One thing this year has taught me thus far is that my Abba is not only with me in the dark places, but even in the darker still places where there is no room for speculation, only trust. There can be no mirrors, no reflections, only blind faith.
Waiting is the most difficult place to be, and it seems, at times, as if I have been in that "place" for much of my life, and most certainly have been for the last several years since my daddy's death. The vision never changes, and "players" remain the same. With each new day the need expands to unimaginable proportions, and I begin to feel as if I know how Abraham and Sarah felt in their old age waiting without seeing tangible proof. It is as if I question if His word is not enough, but like Abraham, I can say He has more than proven that He means what He says.
As I kneel before Him in our quiet times together, I pull a promise written on old file card from my personal "promise box" I have had many, many years, and I remember and smile, because His promises never fail.
My children used to tell me I had a goofy smile on my face when I was watching "sappy" movies. Last night as I was watching "When Calls the Heart" on Netflix, I caught a brief glimpse of my reflection in the laptop screen, and I saw indeed the goofy smile across my face. I was smiling, because I knew that with God all things are possible, and that as long as we trust Him, things always work out to those who are called according to His purpose.
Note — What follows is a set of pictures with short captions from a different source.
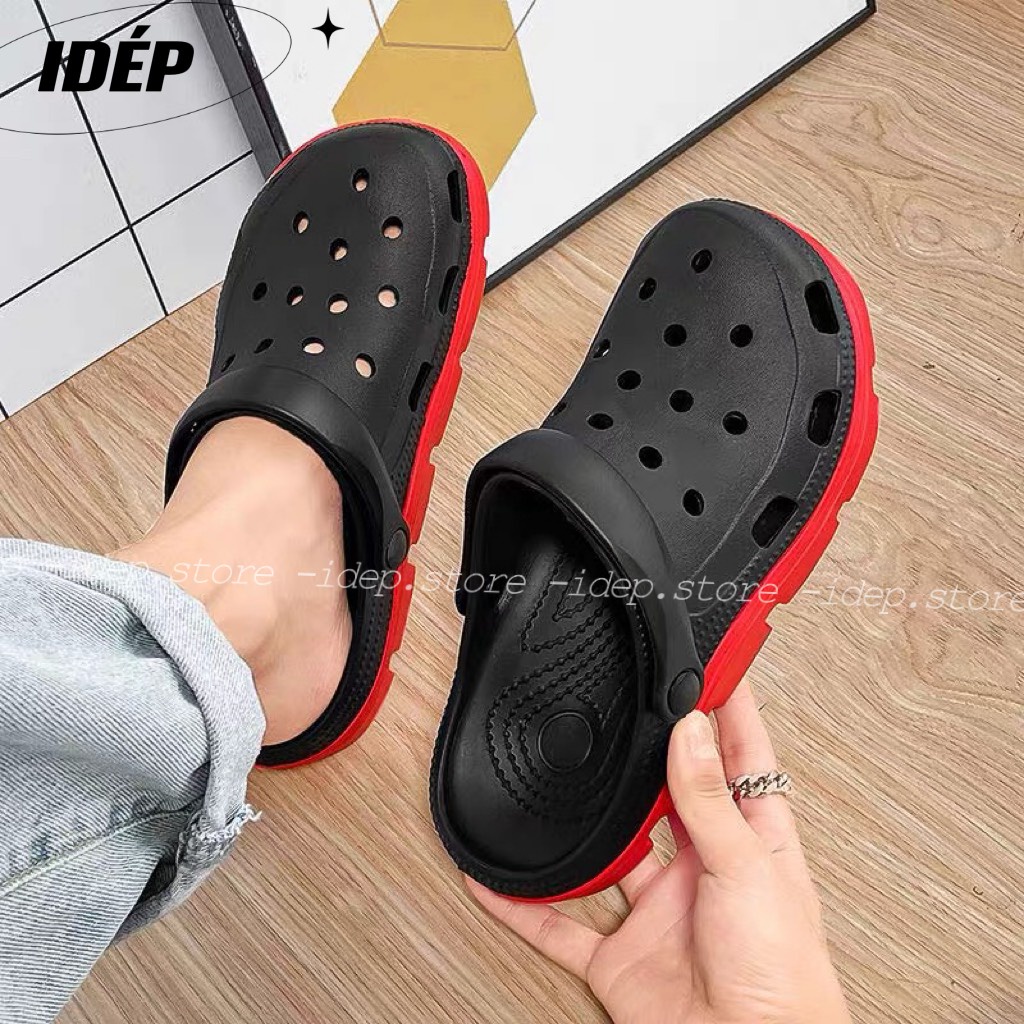 Dép sục CROSS cá nam nữ duet hàn quốc đi mưa siêu nhẹ TẶNG KÈM 6 sticker/jibitz (10 Màu) SL013 - iDép Store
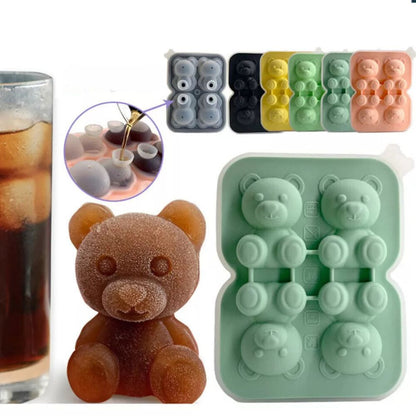 Teddy Bear Shape 3D Ice Cube Maker Silicone Moulds DIY Cake Chocolate Mould Tray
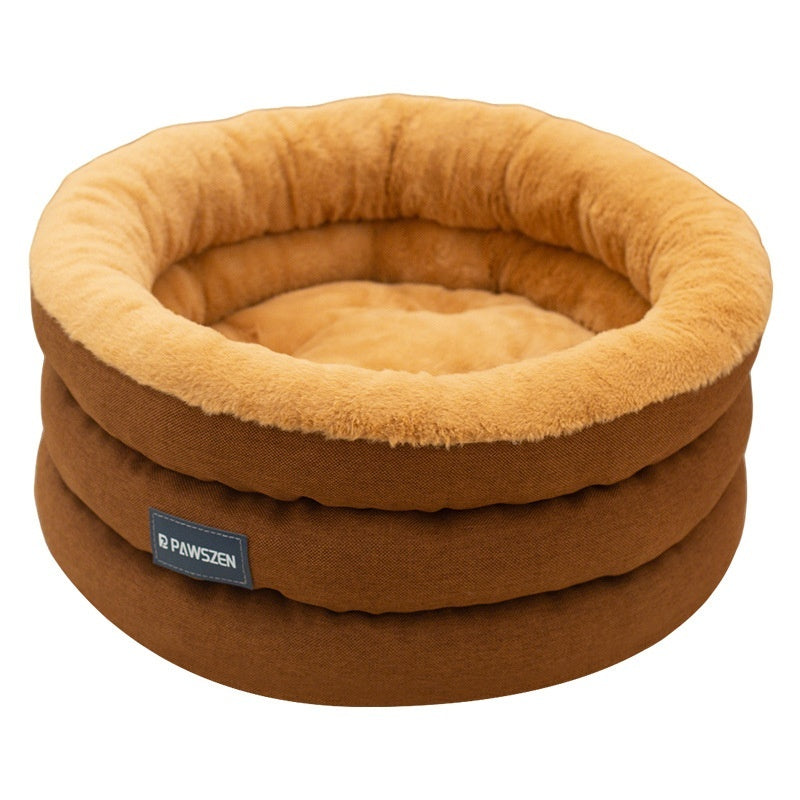 KFX-3428413 Cozy Thickened Round Pet Bed for Dogs - Brown or Gray, Small & Large Sizes Available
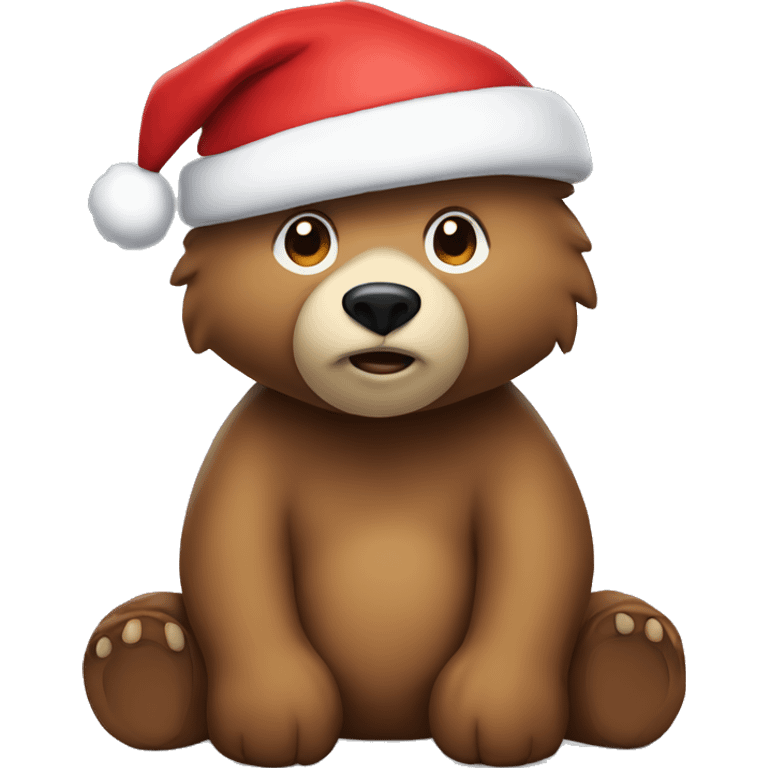 Bear with a santa hat emoji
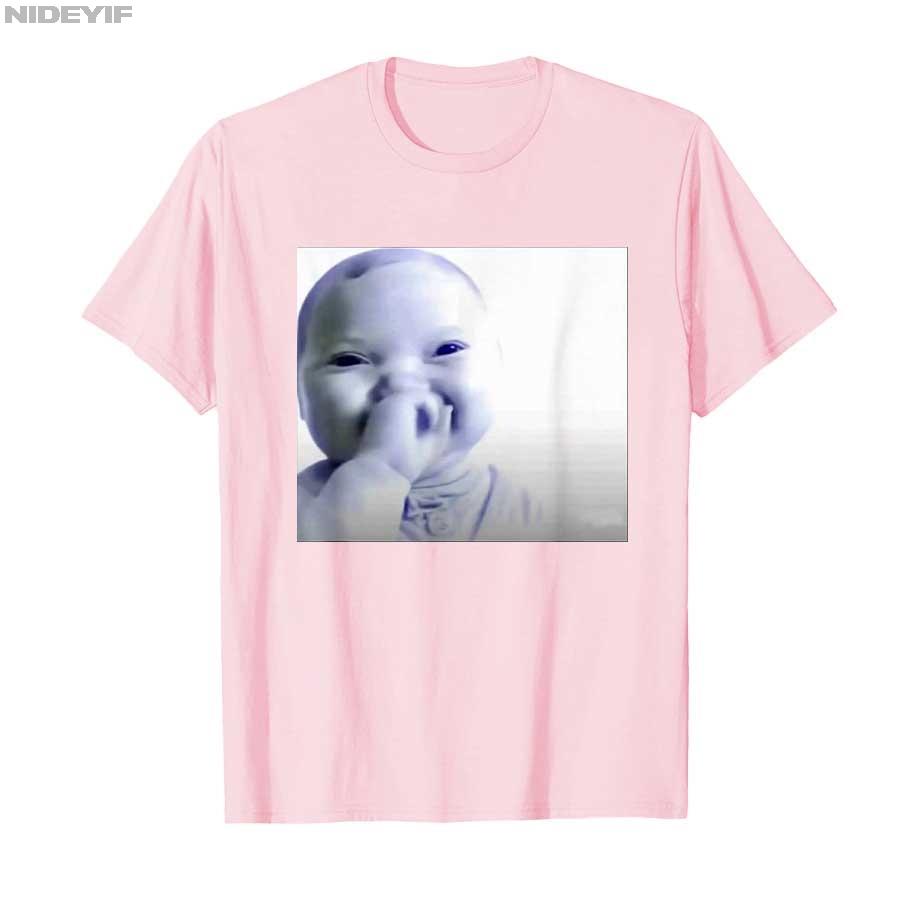 Lachendes Baby Meme Niedliches Lächelndes Säuglingsgesicht T-Shirt Für Männer Frauen 100% Baumwoll T-Shirts Kurzarm Tops 1121-2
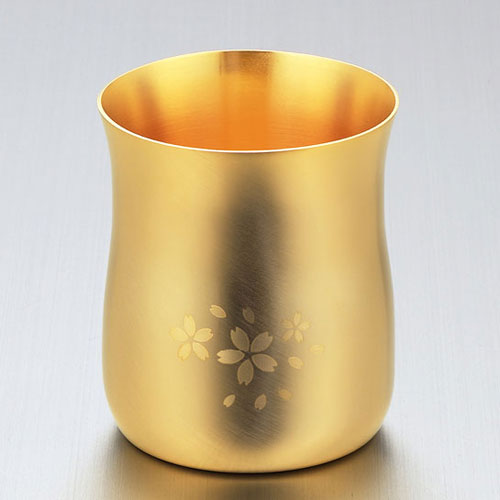 霜龍器物 金の贅 桜 18-8ステンレスチアーズタンブラー 金めっき仕上 SK-007
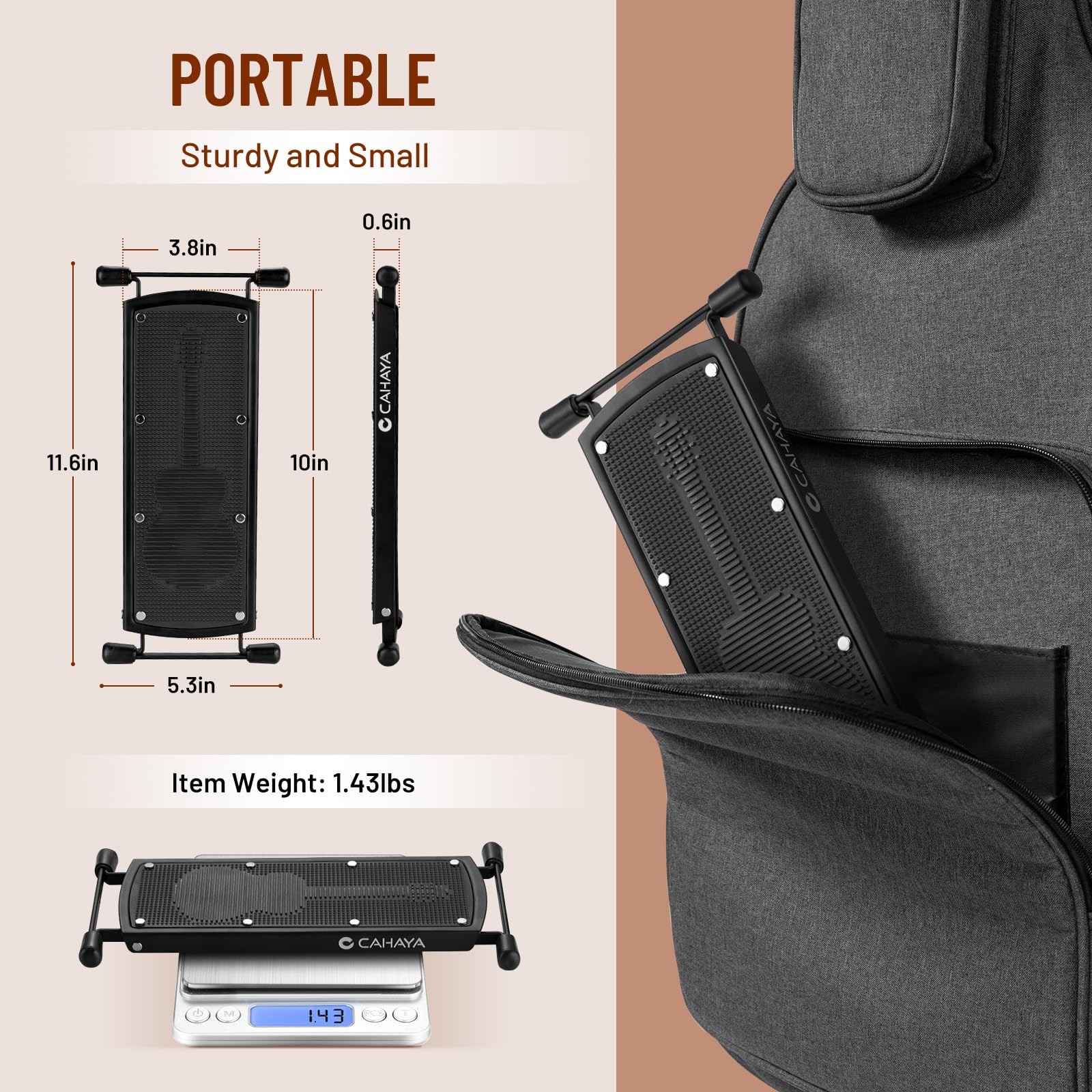 CAHAYA Guitar Foot Rest Stool - 6 Position Height Adjustable, Black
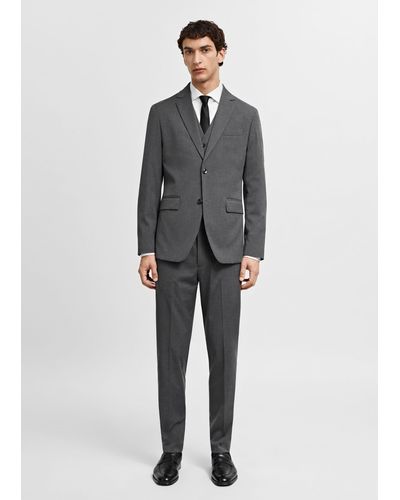 Mango Stretch Fabric Slim-fit Suit Jacket - Grey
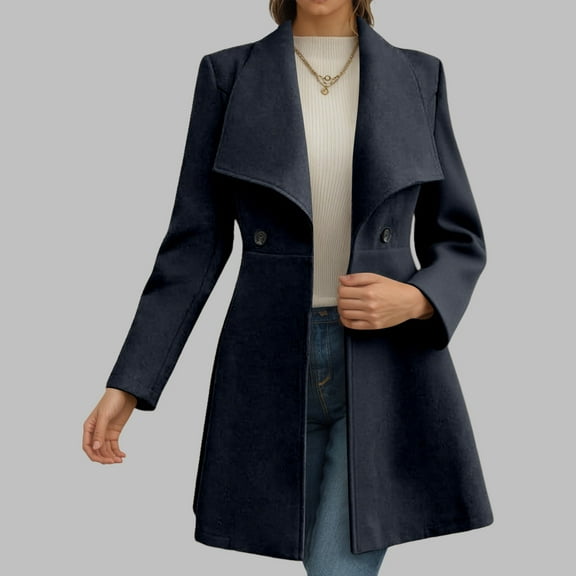 Women's Winter Coats Long Sleeve Lapel Mid-thigh A-Line Outerwear Double Breasted Pea Coat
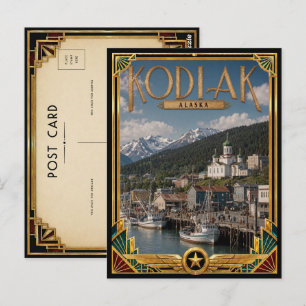 Kodiak Alaska Vintage Art Deco Golden Age Postkarte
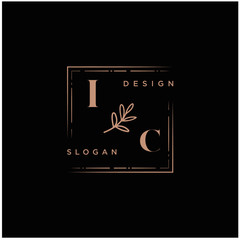 IC Beauty vector initial logo, handwriting logo of initial signature, wedding, fashion, jewerly, boutique, floral and botanical with creative template for any company or business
This year has already proven to be most arduous in my personal and spiritual walk. They are one in the same, as my only desire is to follow His will for my life. So, as I wait and I stand, I will keep my face like a flint, directed only on what He says is so, not on what these eyes see in the natural or my ears hear to the contrary. I will remain steadfast, knowing He will do what He says He will do, and He will bring me home again.